Equivalent to Nyingma practice analogous to the subtle movement of rigpa with compassion is the anuttarayoga practice of inciting by songs (glus-bskul), found in both the non-Gelug and Gelug traditions. Incited by female Buddhas singing songs of the four immeasurable attitudes (mtshams-med bzhi, four Brahma-viharas) of love, compassion, joy, and equanimity, we arise from focus on voidness and appear in subtle forms to help others. This is analogous to dharmakaya appearing as sambhogakaya.
The Sakya tradition of lamdray (lam-‘bras, the path together with its results), practiced in conjunction with the Buddha-figure Hevajra (Kyai rdo-rje), includes further analogies in meditation.
As human beings, our subtle bodies have as provisional all-encompassing foundations (gnas-skabs-kyi kun-gzhi, provisional alaya) the four mandala-seats (gdan dkyil-‘khor bzhi):
subtle syllables within them,
Based on these, the appearance-making aspects (gsal-cha, clarity aspect) of our subtlest clear-light minds, as our ultimate all-encompassing foundations (mthar-thug-gi kun-gzhi, ultimate alaya), produce two inseparable quantum levels of unpurified appearances of our bodies, speech, minds, and the inseparable simultaneity of the three. The two quantum levels are their gross appearances in our usual human forms and their subtle appearances as Buddha-figures.
By meditating in analogy with the four mandala-seats, we purify ourselves of the four, in the sense of achieving a true stopping of them. Consequently, the appearance-making aspects of our clear-light minds analogously give rise on the path to two inseparable quantum levels of purified appearances of body, speech, mind, and the inseparable simultaneity of the three. Through further practice, on the resultant level, the appearance-making aspects of our enlightening clear-light minds give rise to the two inseparable quantum levels of gross enlightening appearances of nirmanakaya and the subtle enlightening ones of sambhogakaya.
According to the nineteenth-century Rimey (nonsectarian movement) master Jamyang-kyentsey-wangpo (‘ Jam-dbyangs mkhyen-rtse dbang-po), many of the seeming contradictions in the explanations of the four Tibetan traditions arise because of a difference in viewpoint from which each approaches the Dharma.
The Gelug tradition explains from the point of view of the basis,
Sakya from the path,
Kagyu and Nyingma from the point of view of the result.

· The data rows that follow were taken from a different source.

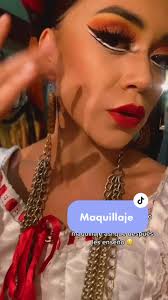 Maquillaje Folklórico para Principiantes en Danza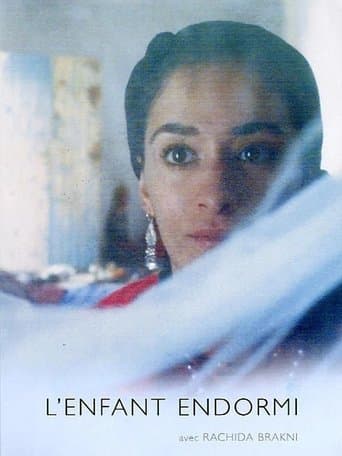Movie poster for L'enfant Endormi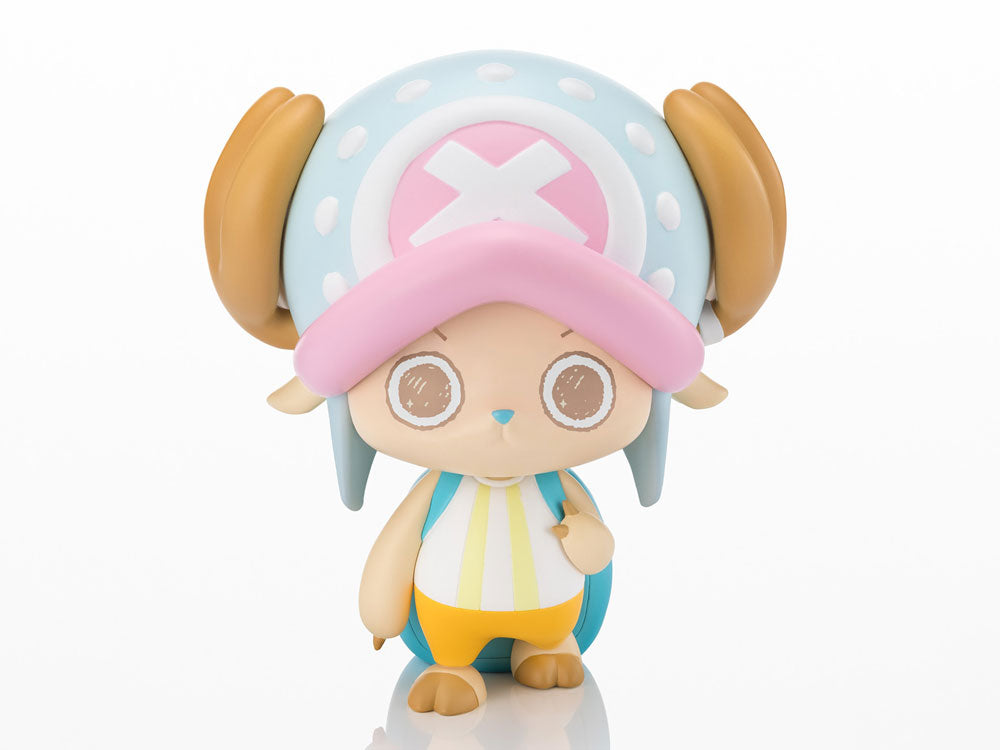 One Piece tekupiku Chopper (One Piece Chopper's) Figure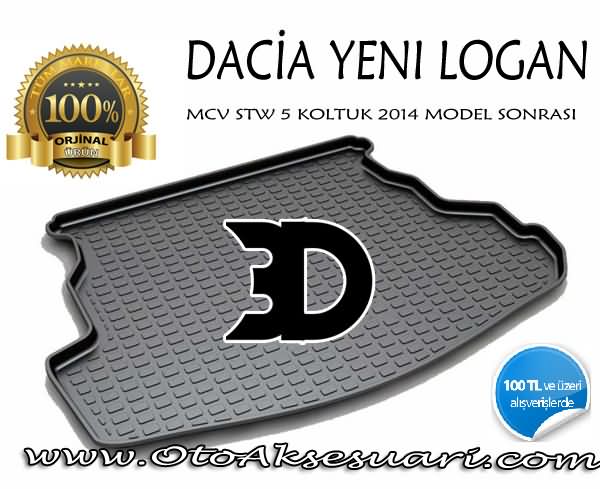 Dacia Logan Bagaj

Gelug asserts that clear-light mind is not innately blissful, because, ordinarily, clear-light cognition at the moment of death is not blissful.
Because anuttarayoga practitioners on the path generate clear-light cognition into a blissful awareness, Sakya describes clear-light mind as naturally blissful. It is the “youth of the mind."

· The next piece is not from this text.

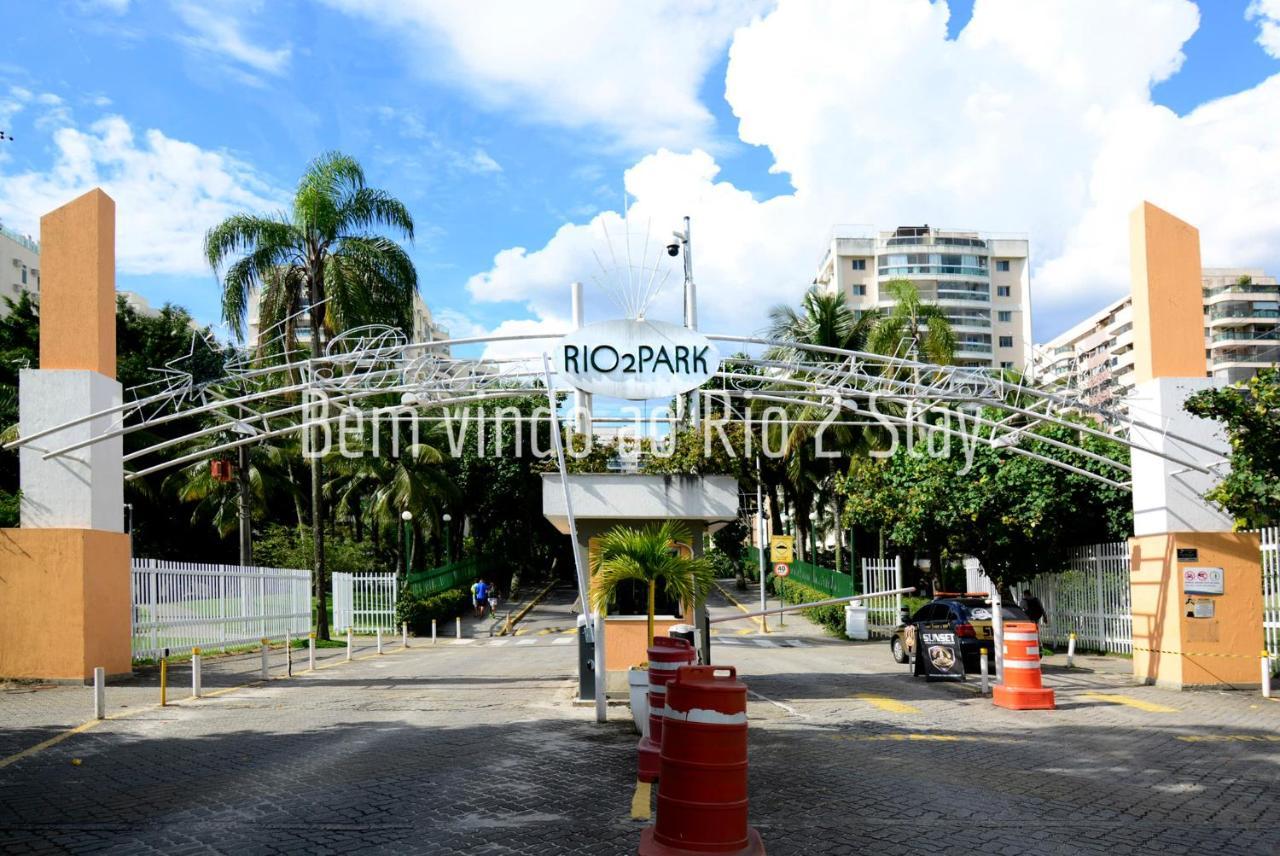 Apartemen Verano 5 Com Garagem E Wi-fi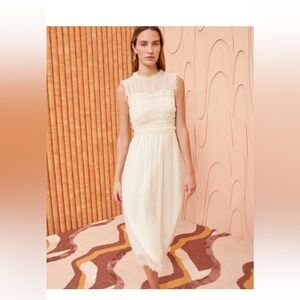 Ulla Johnson Aberdeen dress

Since the omniscient clear-light awareness of a Buddha is blissful and all Buddha-qualities are already complete in clear-light mind or rigpa, Kagyu and Nyingma also assert clear-light mind as a blissful awareness.
Thus, because of the pathway and resultant viewpoints from which the non-Gelug traditions describe clear-light mental activity, they assert that blissful awareness as method in anuttarayoga is especially close to clear-light nonconceptual cognition of voidness as wisdom. We need merely to enhance the blissful awareness that is already there, or remove the obscurations preventing its full functioning, in order to reach or access the blissful awareness of the clear-light mind.
According to the Sakya and Kagyu traditions, a purified illusory body is a more special basis for voidness than the purified appearance of the body of a Buddha-figure that appears during yogic nonconceptual cognition of voidness in sutra and the three lower tantras. Purified illusory bodies and the purified appearances that occur during yogic nonconceptual cognition of voidness are both made from the subtlest energy-winds. Nevertheless, the grosser energy-winds that can fabricate and project dualistic appearances onto such appearances are still present on the level of yogic cognition. As is the case with disturbing emotions and attitudes, the undissolved subtle energy-winds can destabilize and in a sense infect the purified appearances. A purified illusory body avoids such dangers of infection from dualistic appearance-making, and thus serves as a basis particularly conducive for focusing simultaneously on its voidness.
The Nyingma dzogchen tradition does not explain pure appearances in terms of subtlest energy-wind. Instead, it explains them as the natural effulgence (rtsal) of rigpa, deriving from rigpa’s functional nature of spontaneously establishing appearances. The essential nature of rigpa is its primal purity, namely its voidness. Thus rigpa’s functional nature and essential nature, namely its pure appearances and its voidness, are two aspects of the same phenomenon.
The Nyingma presentations of bodhisattva sutra and the three lower tantras do not include discussions of rigpa or methods for accessing it. Although yogic nonconceptual cognition also cognizes pure appearances, the cognition of them is still on the level of limited awareness. Consequently, limited awareness can destabilize or infect these appearances.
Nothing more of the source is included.